Collier Cnty. v. Training & Educ. Ctr. for Handicapped (Fla. 20th Jud. Cir.), reported in 3 ABA Mental Disab. L. Rptr. 111 (1979). SLC brought the first lawsuit under federal disability discrimination laws to challenge Florida’s application of zoning restrictions on group homes for persons with disabilities. The lawsuit was initiated by Collier County for alleged public nuisance and local zoning code violations that restricted non-familial residential groups. We filed counterclaims on behalf of residents with disabilities based on the federal Rehabilitation Act and Civil Rights Act, and our federal constitutional claims were upheld by the trial court. These rulings came at a time when there was no precedent as to the application of these federal statutory and constitutional provisions to local zoning codes as they affected citizens with disabilities, and no precedent in Florida on whether state courts had concurrent jurisdiction to entertain federal claims under these civil rights laws. The group home residents were permitted to continue their occupancy, an important victory in the ongoing struggle to ensure persons with disabilities are permitted to reside in the community and not be subject to unlawful segregation and discrimination.


Arnao v. Landmark Residential, et al. (M.D. Fla., J. Whittemore, 2009). Historically, race discrimination by property owners and real estate agents helped create dramatic patterns of housing and neighborhood inequality. We helped individuals remedy race discrimination in housing on behalf of Antoinette Arnao, an African-American woman who experienced discriminatory treatment when attempting to lease an apartment in Central Florida. The leasing agent refused to show her an available unit or provide her with an application, but then treated a white individual more favorably when she visited the same complex a few days later. SLC filed a race discrimination lawsuit in federal court, which was settled to provide damages to Arnao.

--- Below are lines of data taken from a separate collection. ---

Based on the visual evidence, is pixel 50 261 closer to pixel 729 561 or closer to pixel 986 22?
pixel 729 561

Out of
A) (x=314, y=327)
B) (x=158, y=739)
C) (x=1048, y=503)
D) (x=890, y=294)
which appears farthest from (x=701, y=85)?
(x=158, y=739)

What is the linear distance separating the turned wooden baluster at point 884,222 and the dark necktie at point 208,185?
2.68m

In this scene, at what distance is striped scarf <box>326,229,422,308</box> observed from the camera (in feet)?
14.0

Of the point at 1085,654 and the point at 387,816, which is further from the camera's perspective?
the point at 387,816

Henry, et al., v. National Hous. Partnership, as Gen’l Partner of Kennedy Homes Ltd. Partnership, et al. (N.D. Fla., J. Mickle, 2006). In 2003, a fire engulfed Kennedy Homes, a federally subsidized multi-family housing complex for low- and extremely low-income families located in Gainesville. The fire was caused by leaking gas lines, a symptom of years of neglect and poor maintenance. The complex was closed due to unsafe conditions, and all of the residents were forced to relocate. Many residents were unable to afford the increased costs of replacement housing. SLC and Three Rivers Legal Services represented 35 former residents who sued in federal court alleging race discrimination under the federal Fair Housing Act and other claims. The suit aimed to hold the private owner of Kennedy Homes and its parent corporation AIMCO (the largest owner of privately held low-income housing in the nation) responsible for the lack of maintenance that led to its closure. A confidential mediated settlement was reached.

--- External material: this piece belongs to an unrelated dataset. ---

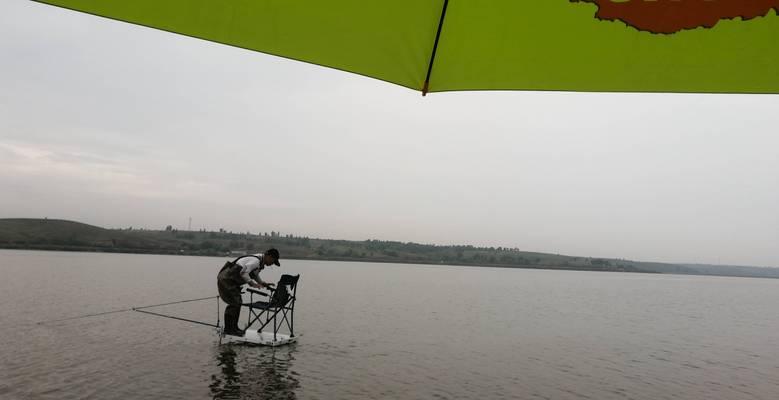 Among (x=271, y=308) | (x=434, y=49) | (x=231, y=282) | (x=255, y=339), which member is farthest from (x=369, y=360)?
(x=434, y=49)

Grayson, et al. v. J.P. Florida Productions, et al. (Fla. 6th Jud. Cir., J. Campbell 2011). J.P. Florida Productions recruited men experiencing homelessness and mental illnesses or other disabilities to participate in “homeless beatdowns.” The company's employees offered the men $50 to let a female mixed martial arts fighter beat them for 12 minutes on camera. The men were not permitted to defend themselves and suffered multiple injuries as a result of the beatings, including broken bones and other serious injuries. Their beatings were taped and sold on the company's website. The suit alleged four counts, including a claim under Florida's Hate Crimes Act based on the discriminatory targeting of these men because they were homeless. As a result of this lawsuit, the State Attorney’s office charged the owner of J.P. Florida Productions and one of the women fighters with felony aggravated abuse of the disabled. The criminal court ordered the defendants to take down the website and not sell any videos of people known to be homeless or have a disability. The case settled for damages and an agreement not to sell any of the plaintiffs’ videos.